From late September until early March, you can barely walk through our house because it's filled with pots of citrus trees, ferns and flowers wintering in our great room. It feels kind of like we are living in a terrarium.
One year we brought a chameleon in with the plants and we saw him from time to time lounging on the leaves of our avocado plant enjoying the morning sun. And once when our niece Samantha was young, we brought in a chipmunk. That resulted in a frenzied call to me at work from Jilda, who was standing on the kitchen table. Whenever plants that live outside most of the time are brought inside, there's what I call a critter-risk.
When the last chance of frost comes and goes, we start setting things out on the deck and patio for fresh air and sunshine. Once the days get warm and longer, everything comes alive, and they get ready for their summer work.
We began getting fresh tomatoes, cucumbers, peppers and strawberries this week. The squash are blooming, and it won't be long before we have a patch of yellow gold.
As I mentioned a few weeks ago, my tiller has issues and would be of more service as a boat anchor than a garden implement.
So this year we got creative. I broke up the small garden plot behind the house by hand with a garden fork and then did raised beds. I wasn't sure how that would work, but the garden looks happy.

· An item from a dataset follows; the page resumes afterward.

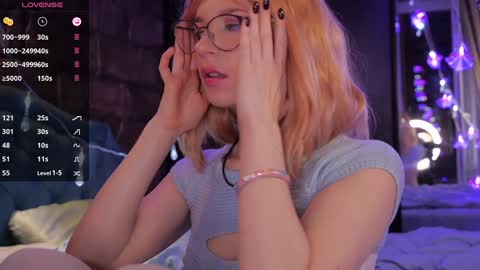 Lindsey and Candice online show from December 21, 4:24 pm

We tend to invite more company over in the spring and summer. If you want to win someone's heart, feed them fresh vegetables from the garden, along with a pone of hot buttered cornbread with a glass of ice-cold sweet tea, and soon they want to move into your spare bedroom.
Last year, we had our friends Charlie, Yvonne and Randy Watts come over for dinner. Jilda had picked bouquets of fresh flowers for the table and the living room. I put Mozart on the stereo, which in my opinion helps with digestion.
The conversation was lively, and almost as if on cue, two young deer scampered into the field under the apple tree. As we ate, we saw them through the garden doors, frolicking. Yes, I said frolicking.
Later when we told the Watts family we'd love to have them come back, Charlie said, “We'd love to, because y'all live in Shangri-La.”
When I worked for MaBell in Birmingham, my commute time was an hour each way. Many times I thought, “Why not sell the farm and move south of town?”
I know it would have made my life simpler. I did the math once, and I spent well over a year and a half in my car driving back and forth to work. But I listened to books on tape (and CDs) on the commute, so I would not have had the chance to enjoy hundreds of books.
This much I know, sitting here writing today on my screen porch with the breeze out of the west tinkling my wind chimes and delivering the sweet scent of gardenia blossoms, I know in my heart I made the right decision to stay here.